-- Opening Marker --

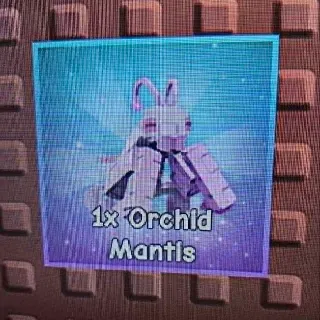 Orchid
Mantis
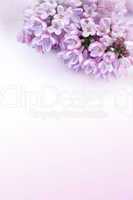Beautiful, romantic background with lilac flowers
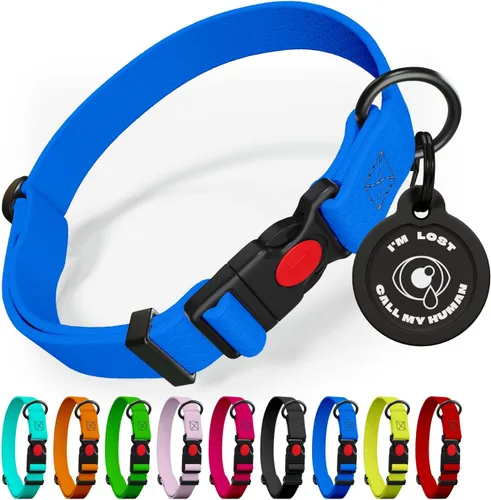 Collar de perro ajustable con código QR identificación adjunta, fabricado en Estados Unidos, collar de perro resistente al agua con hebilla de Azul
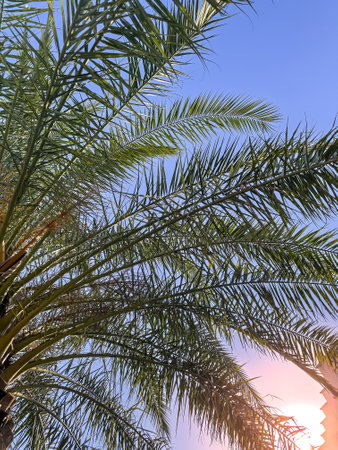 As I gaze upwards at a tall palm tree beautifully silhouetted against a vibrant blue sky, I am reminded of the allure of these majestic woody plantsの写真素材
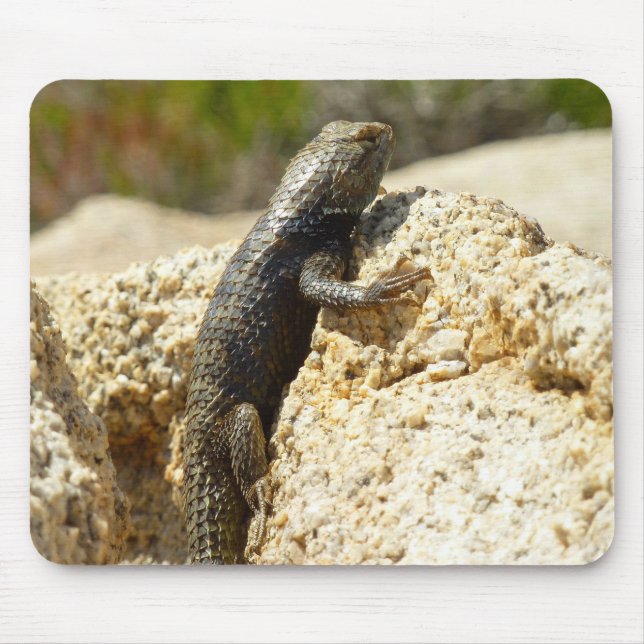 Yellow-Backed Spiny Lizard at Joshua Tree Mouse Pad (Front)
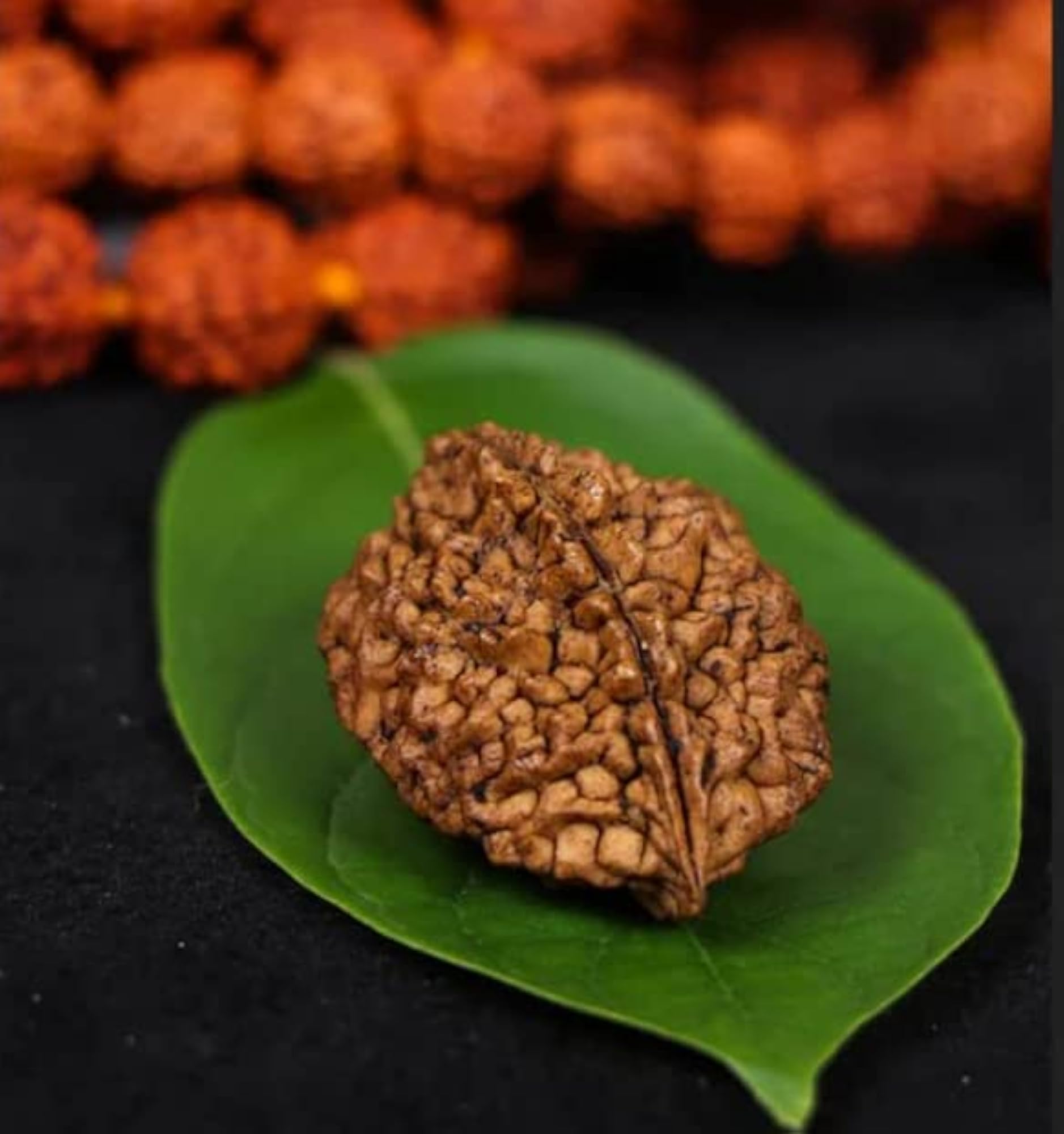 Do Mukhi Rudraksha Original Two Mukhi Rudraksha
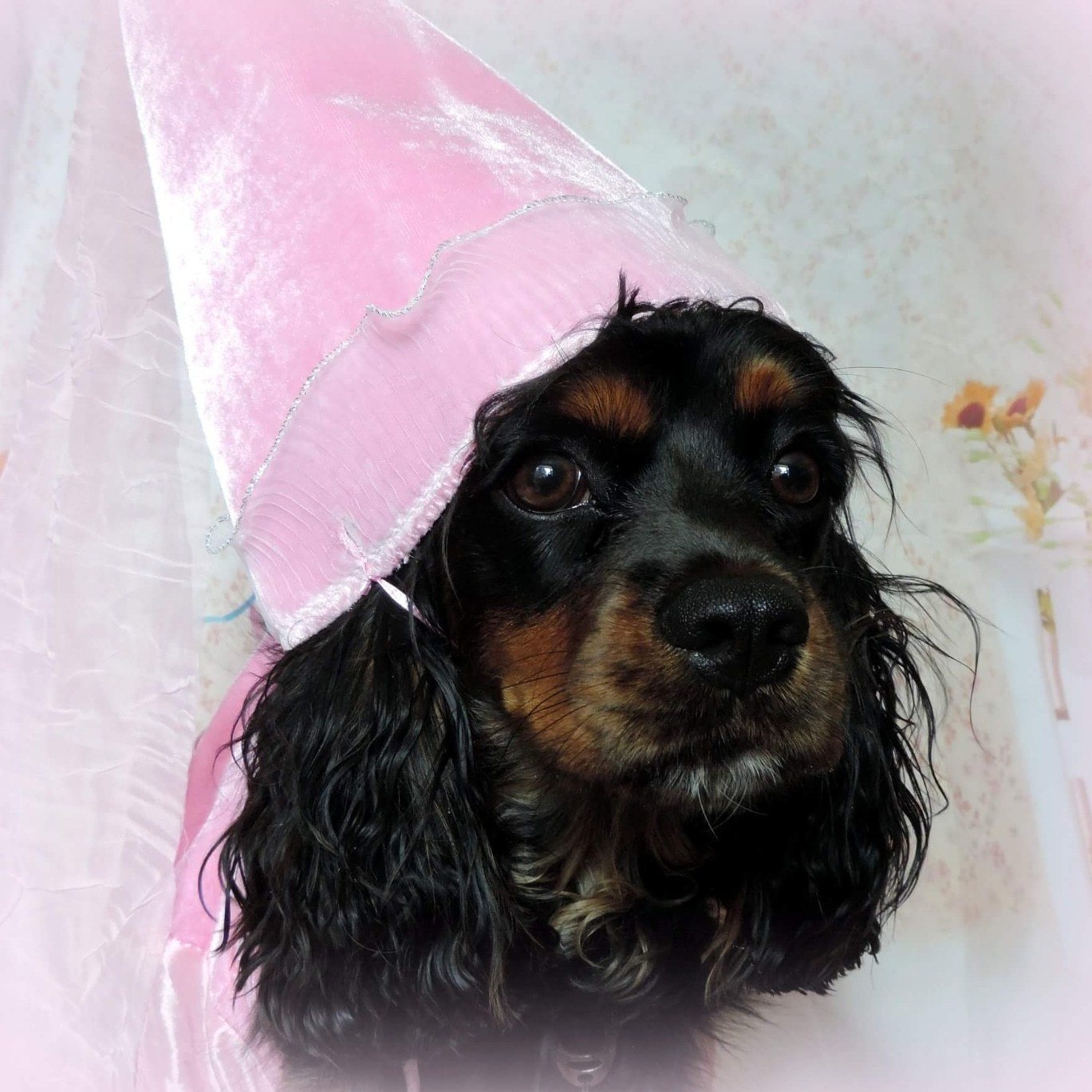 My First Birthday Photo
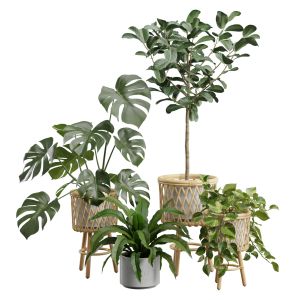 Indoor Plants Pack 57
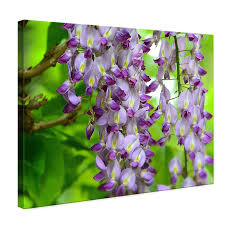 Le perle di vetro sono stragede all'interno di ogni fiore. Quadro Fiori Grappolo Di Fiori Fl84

-- Closing Marker --
-- Opening Marker --

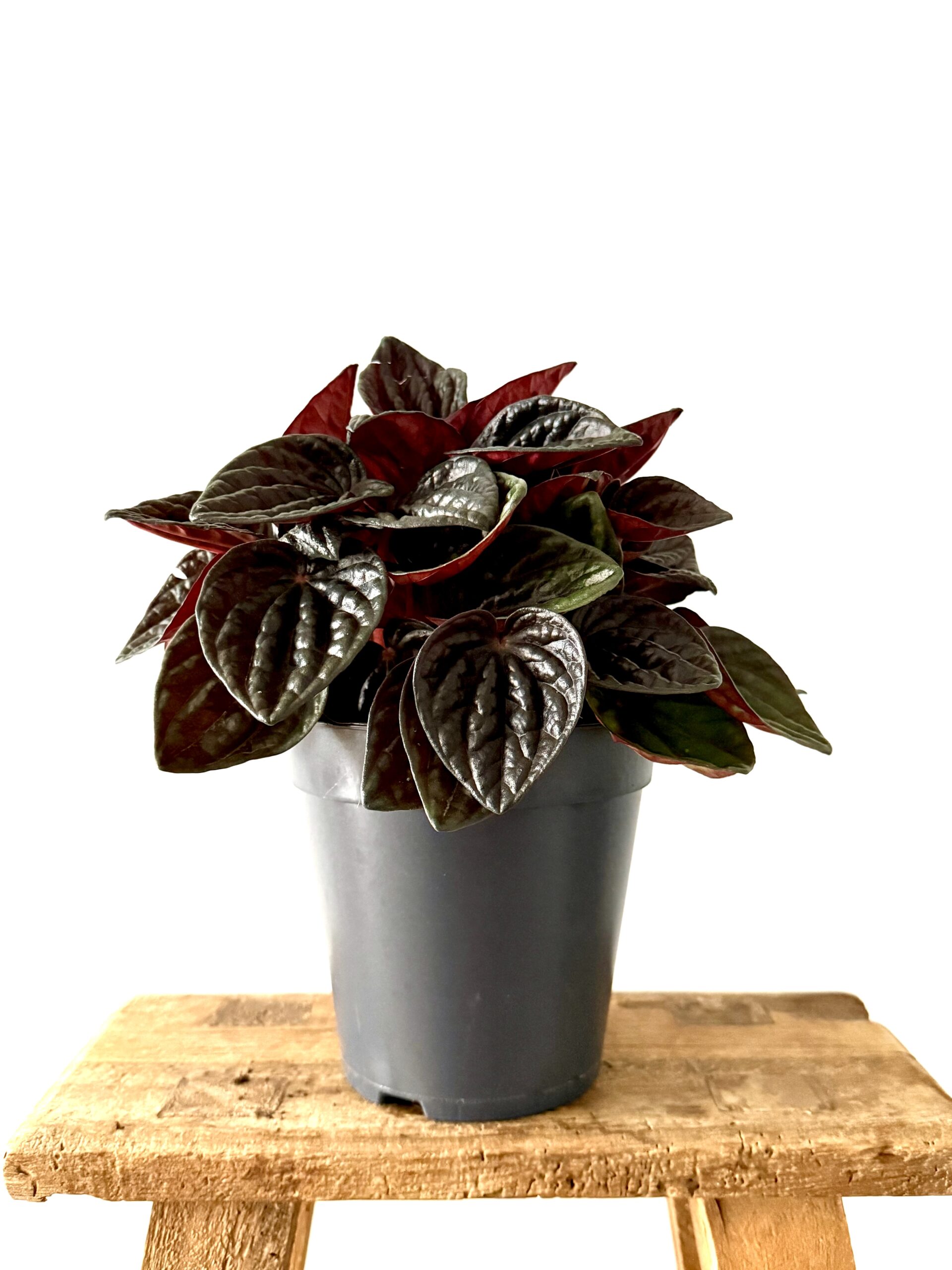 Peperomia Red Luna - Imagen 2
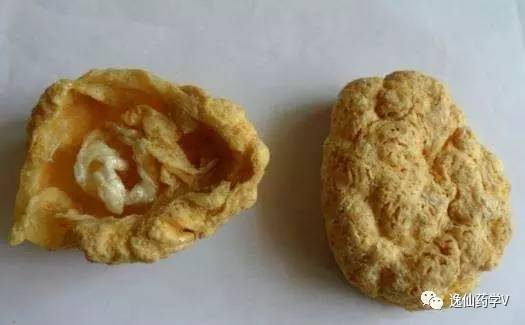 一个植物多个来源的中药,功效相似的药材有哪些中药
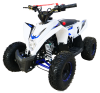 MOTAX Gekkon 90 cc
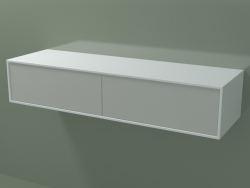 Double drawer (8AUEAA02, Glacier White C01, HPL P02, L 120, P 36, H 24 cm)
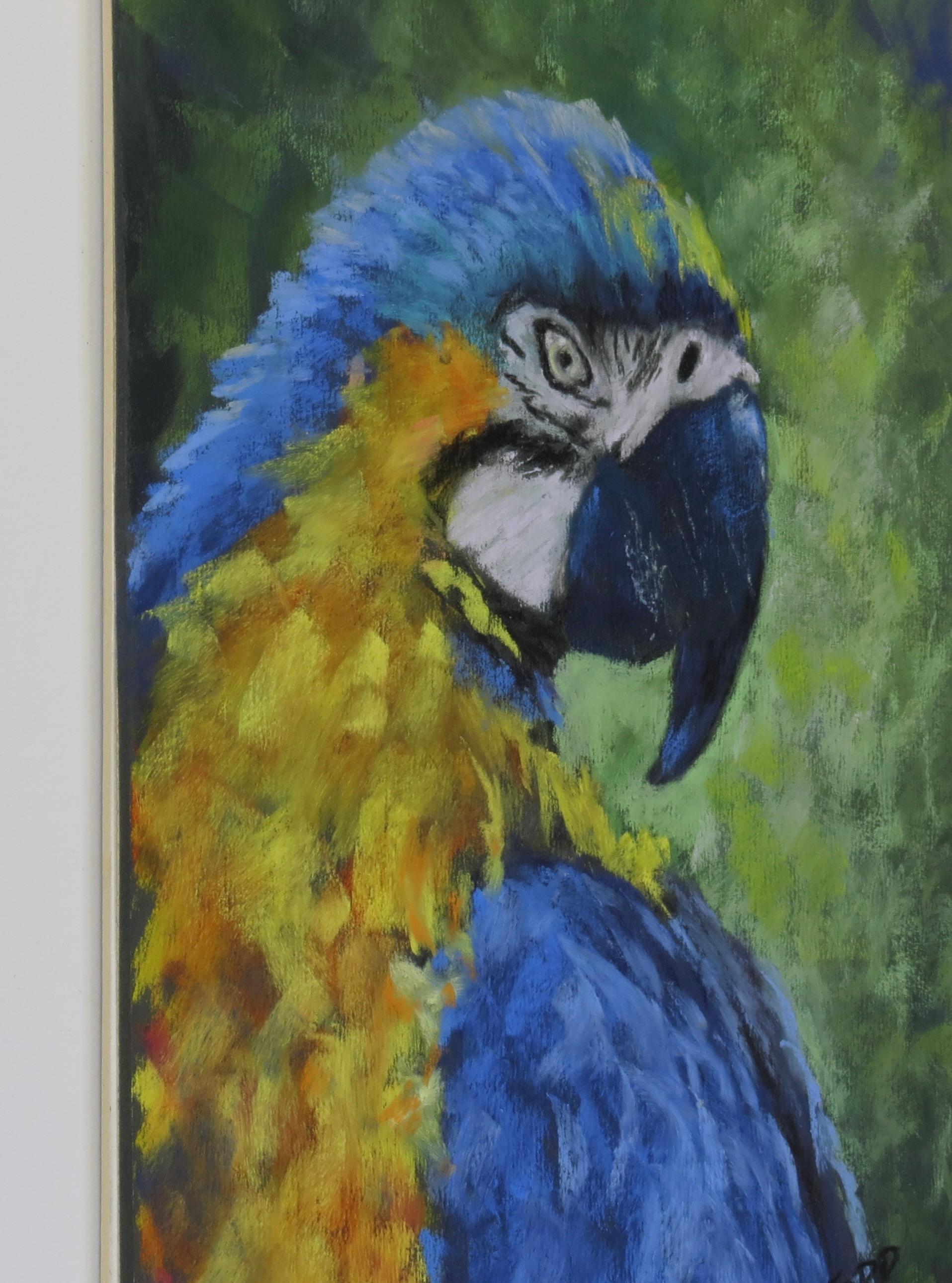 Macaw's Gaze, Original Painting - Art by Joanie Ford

-- Closing Marker --

--- WHAT TO WORK ON ---
Write down exactly what the lines above say, from the line holding "Yellow-Backed Spiny Lizard" through the line holding "Le perle di", and nothing more. Do not copy the pictures.

--- EXPECTED OUTPUT ---
 Yellow-Backed Spiny Lizard at Joshua Tree Mouse Pad (Front)
 Do Mukhi Rudraksha Original Two Mukhi Rudraksha
 My First Birthday Photo
 Indoor Plants Pack 57
 Le perle di vetro sono stragede all'interno di ogni fiore. Quadro Fiori Grappolo Di Fiori Fl84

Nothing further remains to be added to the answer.